The Colonial Pipeline carries 2.5 million barrels a day or 45 percent of the American East Coast’s supply of diesel, gasoline and jet fuel. The Colonial Pipeline was knocked completely offline by a cyber-criminal gang called DarkSide on Friday and work to restore service is continuing.

In other words, the problem caused by the hacker group is not at all fixed. Folks, that’s scary.

Meanwhile, a global coalition of technology companies and law enforcement bodies is calling for “aggressive and urgent” action against ransomware. According to reports, Microsoft, Amazon, the FBI and the United Kingdom’s National Crime Agency have joined the Ransomware Task Force (RTF) in giving governments nearly 50 recommendations. If Oakland’s paying any attention to this, the city is certainly quiet about it.
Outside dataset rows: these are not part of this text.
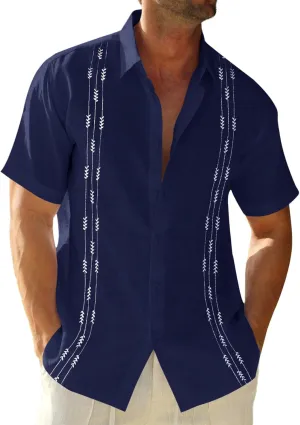 Runcati Mens Linen Shirt Guayabera Cuban Short Sleeve Button Down Cotton Summer Beach Hippie Shirts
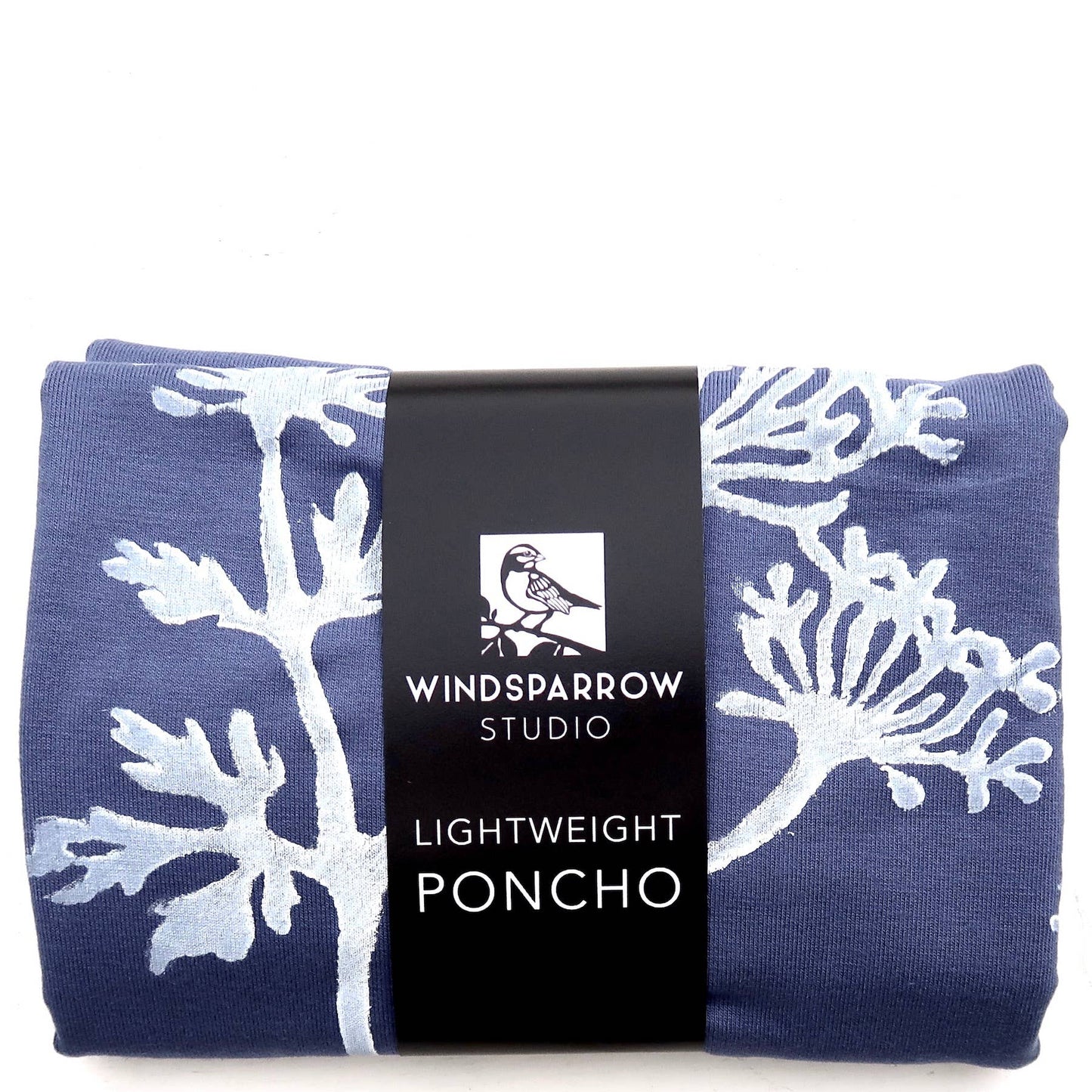 Windsparrow Studio - Lightweight Poncho - Parsley (white ink)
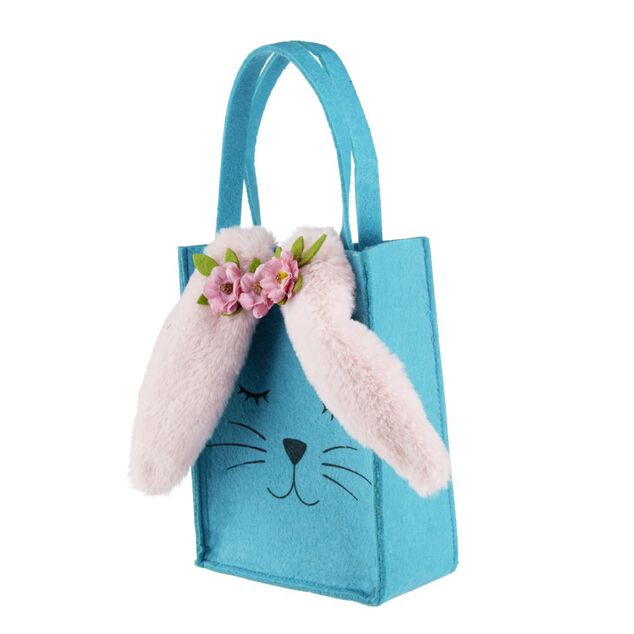 Panier d&eacute;cor P&acirc;ques oreille lapin et fleur en feutrine &Oslash;15xH20cm (2 mod&egrave;les)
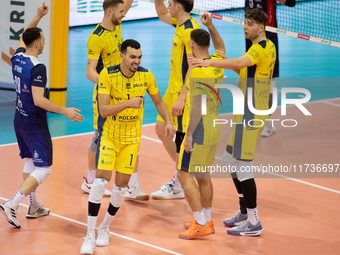 ZOUHEIR EL GRAOUI participates in a match of the PLUS Liga between Stal Nysa and ZAKSA Kedzierzyn Kozle in Nysa, Poland, on November 3, 2024...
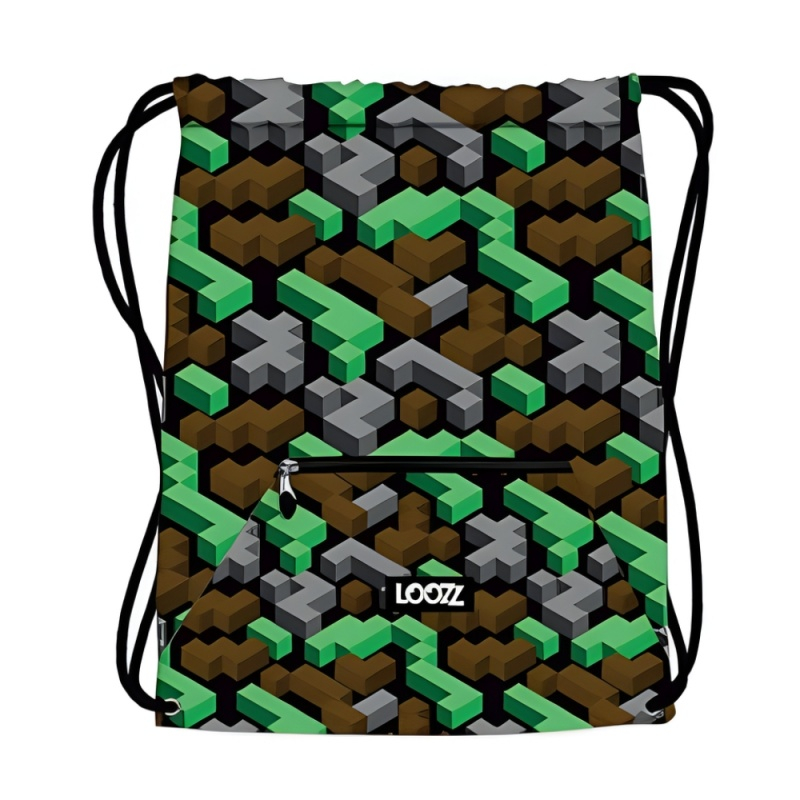 Rucsac cu snur pentru copii Minecraft, poliester, multicolor, 43x34 cm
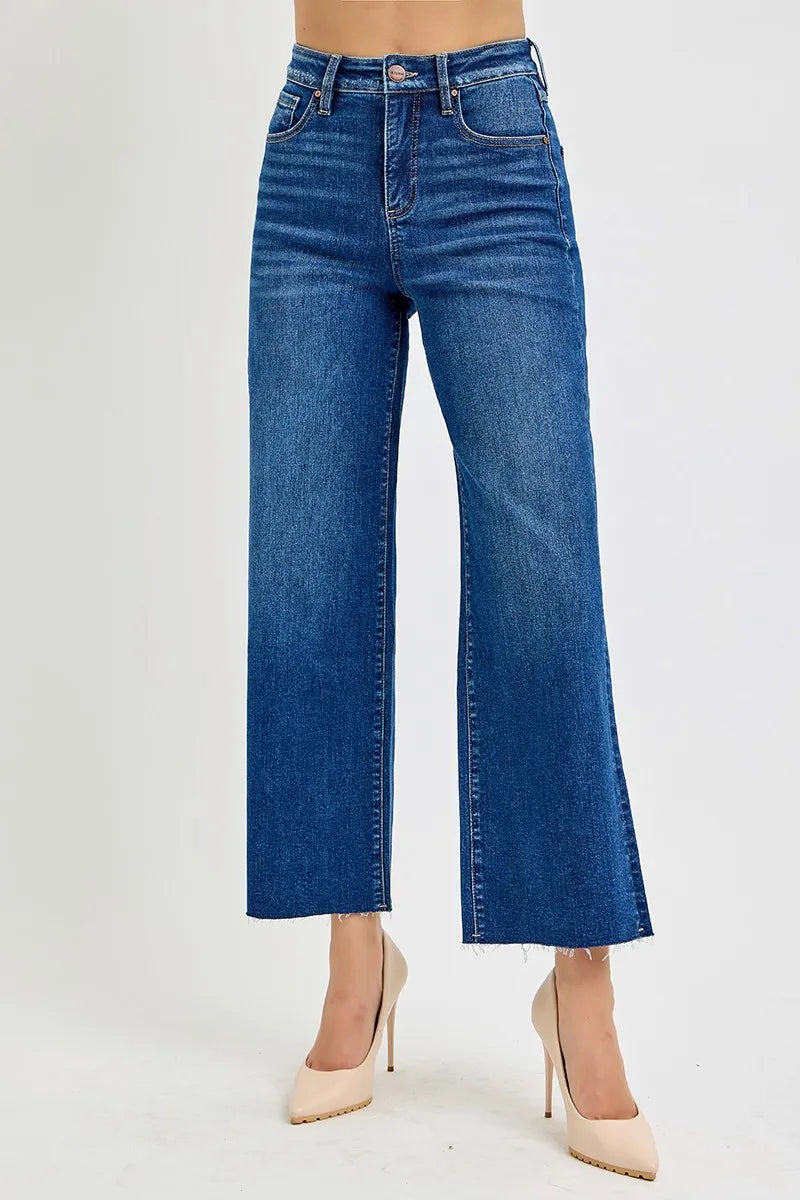 RISEN Full Size Tummy Control High Rise Wide Crop Jeans Plus Size -  Be Bliss Boutique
In fact, the City of Oakland has been blind to the growing cyber-forces around it, and impacting it. I’ve tried to warn Oakland about how there are efforts to send out fake news campaigns designed to get folks racially charged up. That was done last year in the form of the Lake Merritt Noose incident. The signs that it was engineered were all over, yet the Oakland Police showed zero interest in dealing with the issue.

And typing “oakland government cyber attack” in Google yields “Cyber Security Taskforce – Oakland County, Michigan”. Oakland’s not mentioned.

The City of Oakland, from the public works to police to the Port of Oakland, and to the Oakland City Council, needs to wake up and stop acting like it’s Alice in the middle of Wonderland. We need a large task force to make sure Oakland’s able to battle back against even cyber-threats we can only imagine.